ROME — The Eternal City is colliding with the world’s oldest profession — and the sparks, as they say, are flying.

The ranks of streetwalkers have surged here in the heart of Catholicism, a swell that Rome’s officials are decrying as a stain on the dignity of the city’s citizens. But in a town of sinners as well as saints, outright bans on selling sex have failed before, leaving city authorities to put their faith in a new approach.

The new hook, if you will, is for the city to designate red-light districts, where the sex trade could be plied without police harassment. That would spare the rest of Rome the sight of streetwalkers -- not to mention flashers, used condoms and pantyhose wrappers. (Yep, those are all in this story.) But the measure would imply permission for the sex trade, something the Romans are still unwilling to give.

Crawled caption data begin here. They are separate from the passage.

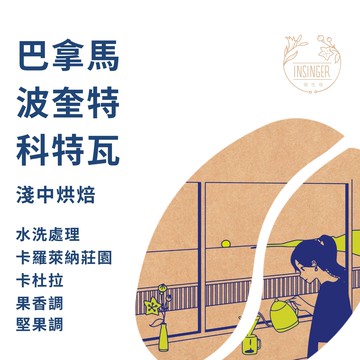 巴拿馬 波奎特 卡羅萊納莊園 水洗 12g X 8入 /  盒裝 濾掛咖啡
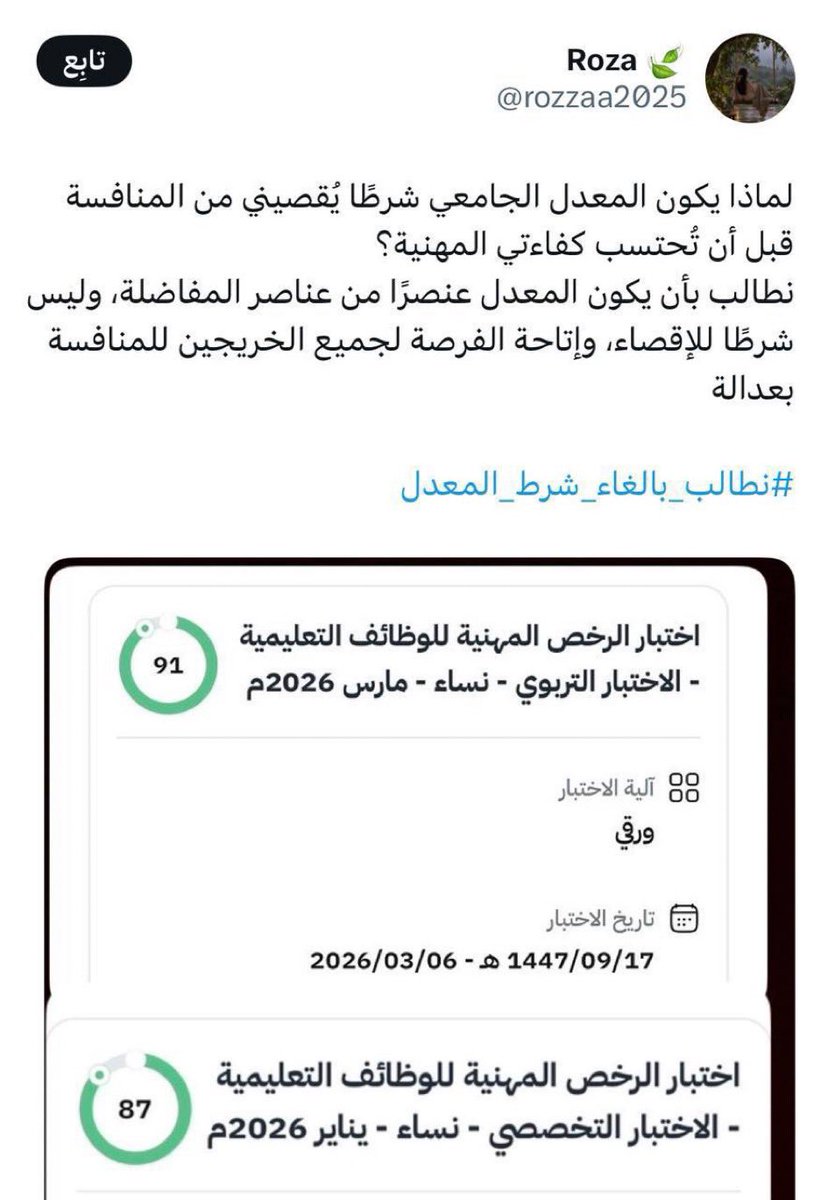 joojee353's tweet photo. #نطالب_الغا_شرط_المعدل
@minister_moe_sa 
@niepd_edu 
@TeacherEduSA 
كيف وحده مثل هذه اجتازت كلا الاختبارين بكفاءة عاليه و بدرجات تفوق درجات متقدمين معدلاتهم ٤ و فوق يتم اقصائها ؟! فعليا انتم خسرتوا عقول و جوده بسبب شرط غير عادل https://t.co/pFVFwGNIGm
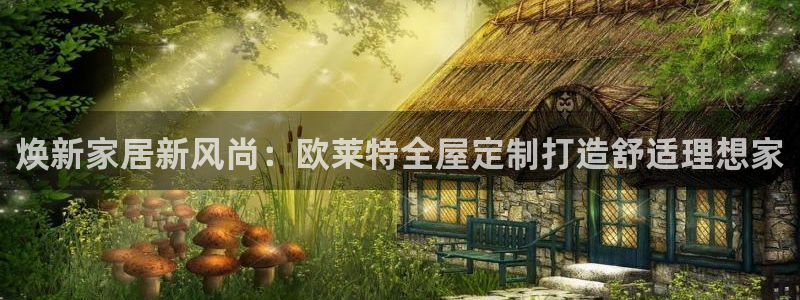 bb电子是怎么控制玩家输赢的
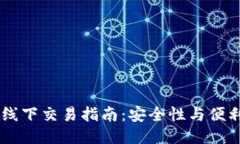 USDT冷钱包的线下交易指南：安全性与便利性的最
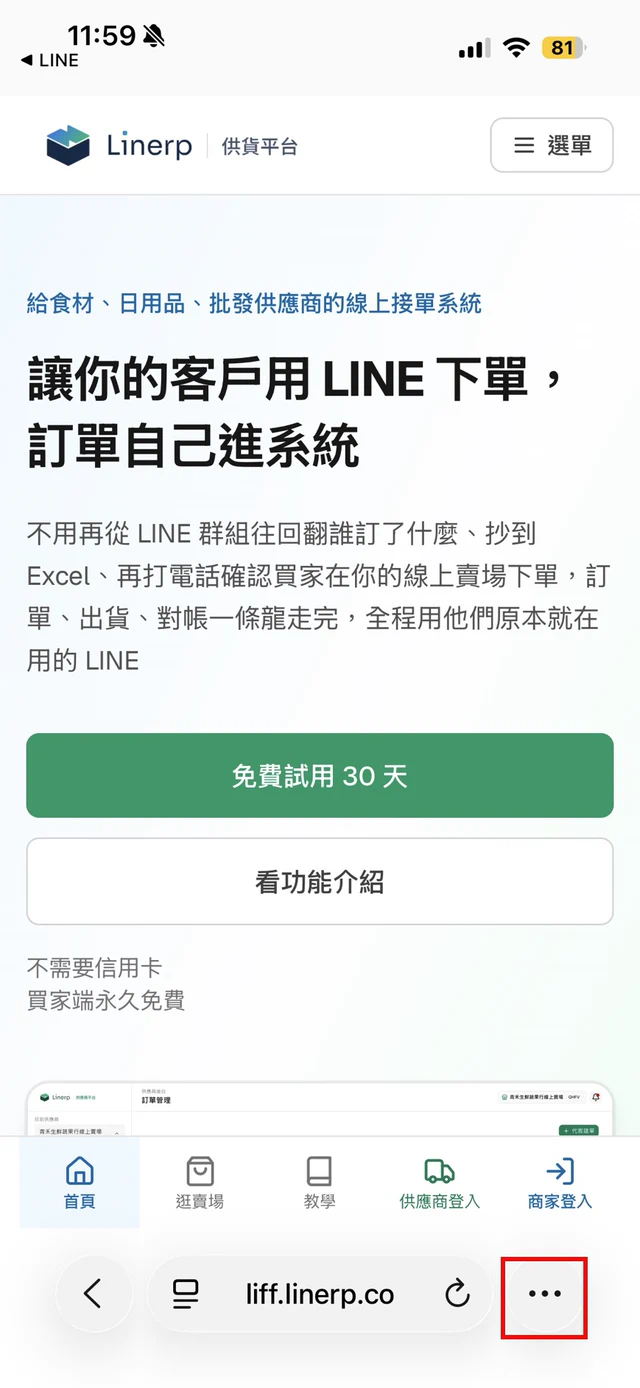 Safari 畫面,紅框標出右下角工具列的三點按鈕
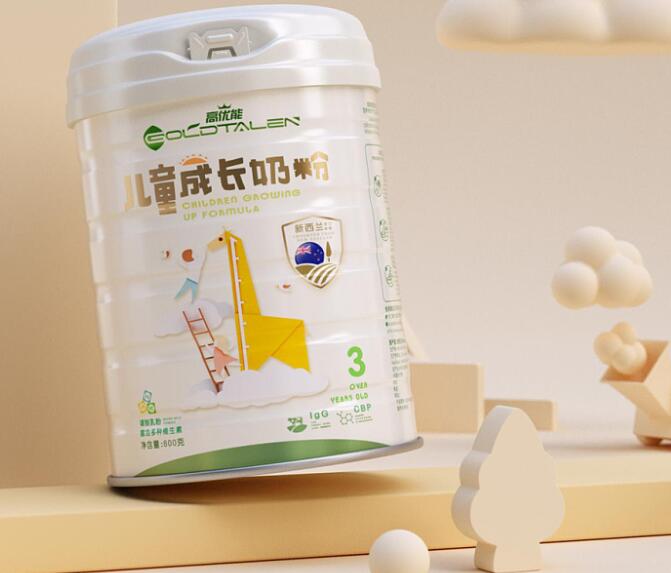 qq截图20230417153251.jpg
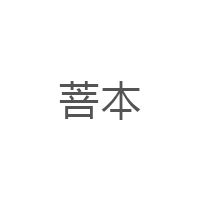 菩本品牌LOGO图片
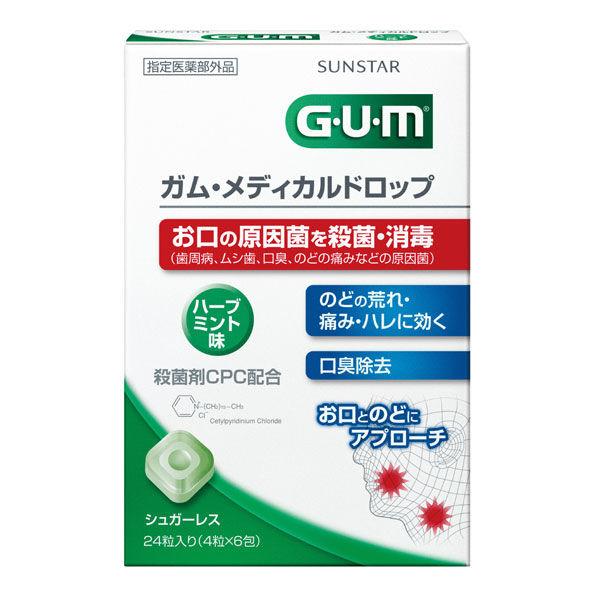 ガム メディカルドロップ ハーブミント 24粒入 サンスター GUM 原因菌を殺菌・消毒 口臭 のど...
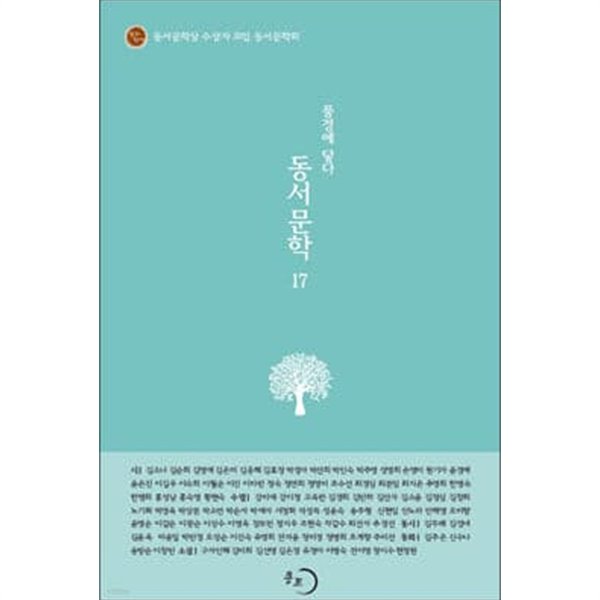 동서문학 17 : 풍경에 닿다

The Catholic Church is mentioned six times, yet the Post asks no Church leaders about the matter.  It says generally that the Church is "fighting it on moral grounds." And it quotes a priest who works with a ministry to prostitutes, who says the city plan would "have the state become the pimp." A basic Church position? No room for that in this 1,100-word piece.

Occasionally, we read some weird random sentence, like "Some here argue that not much has changed in 3,000 years." That would take us back to the Etruscans, the predecessors of the Latins who built the Roman Empire. And no, the article doesn't back that up.

And for some reason, the Post shows a lot of interest -- three of the 28 paragraphs -- in transvestite and transsexual hookers. They allegedly make up half of the streetwalkers in one Roman neighborhood. One of them warns of fierce competition if all "sex workers" are herded into one zone: "This is going to be a river of blood."

Mary Magdalene is a ghost in this story, too -- in the usual way she's misused in many mainstream media:

Some are also bristling at the gender characterizations implicit in a plan that would, in effect, segregate the unreformed Mary Magdalenes from the “respectable” women of Rome — mostly to the benefit of men. With prostitutes confined to uninhabited parts of town, husbands, boyfriends and other johns could enjoy greater anonymity.

Any thorough Bible student can tell you where it says Mary Magdalene was a hooker: nowhere. That notion comes from a sixth-century sermon by Pope Gregory the Great, who conflated her with the unnamed adulteress whom Jesus saved from stoning. But that's a flimsy premise for adding it to an alleged fact article -- almost as flimsy as calling prostitution "the world's oldest profession."

The Post paragraph doesn't even make sense. No one in the story says the red light districts would be in deserted parts of Rome. And johns can already avoid detection by going to neighborhoods where they don’t usually go. A red light district would make them more conspicuous, not less.

At least the article gets serious about one side of the sex trade:

Experts blame the increase on more criminal gangs funneling sex slaves into Rome from Eastern Europe and Africa, as well as the effect of tough economic times in a bevy of European nations, including Italy.

Yet it then shrugs off this horrendous trend, aside from that single quote from the priest who ministers to prostitutes. Then the article veers off into the joke about "vertigo-inducing heels."

The Post could have easily learned the Catholic stance toward sex trafficking, as in this document from the U.S. bishops. The teachings are rooted not in blue-nosed morals but in the dignity of women who, like men, are made in the image of God.

Or the newspaper could have looked in its own archives for Pope Francis' New Year address calling for a united global front against human trafficking. Not quite as funny, but more factual.